- [Provided material]:
- Opening Delimiter -
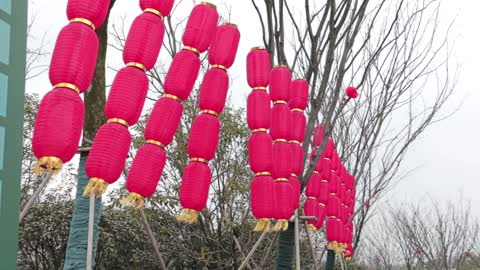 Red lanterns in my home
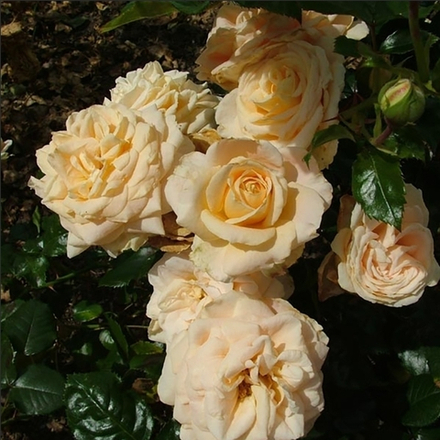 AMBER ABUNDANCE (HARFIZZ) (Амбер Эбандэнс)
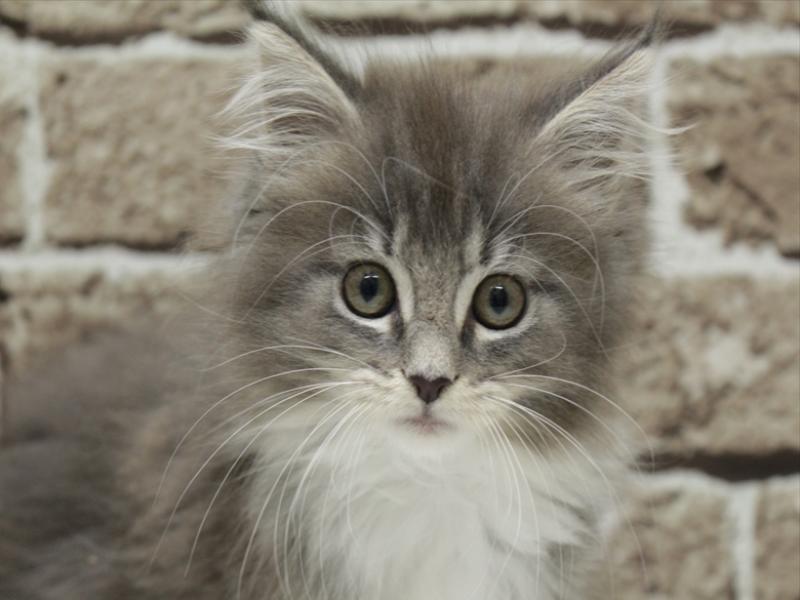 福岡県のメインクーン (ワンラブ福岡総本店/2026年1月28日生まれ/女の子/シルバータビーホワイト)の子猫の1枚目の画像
- Closing Delimiter -
- [Activity]:
Pictures are not part of the copy. Reproduce the lines from the one with "AMBER ABUNDANCE (HARFIZZ) (Амбер Эбандэнс)" through the end of the listing above.

- [Response to the task]:
 AMBER ABUNDANCE (HARFIZZ) (Амбер Эбандэнс)
 福岡県のメインクーン (ワンラブ福岡総本店/2026年1月28日生まれ/女の子/シルバータビーホワイト)の子猫の1枚目の画像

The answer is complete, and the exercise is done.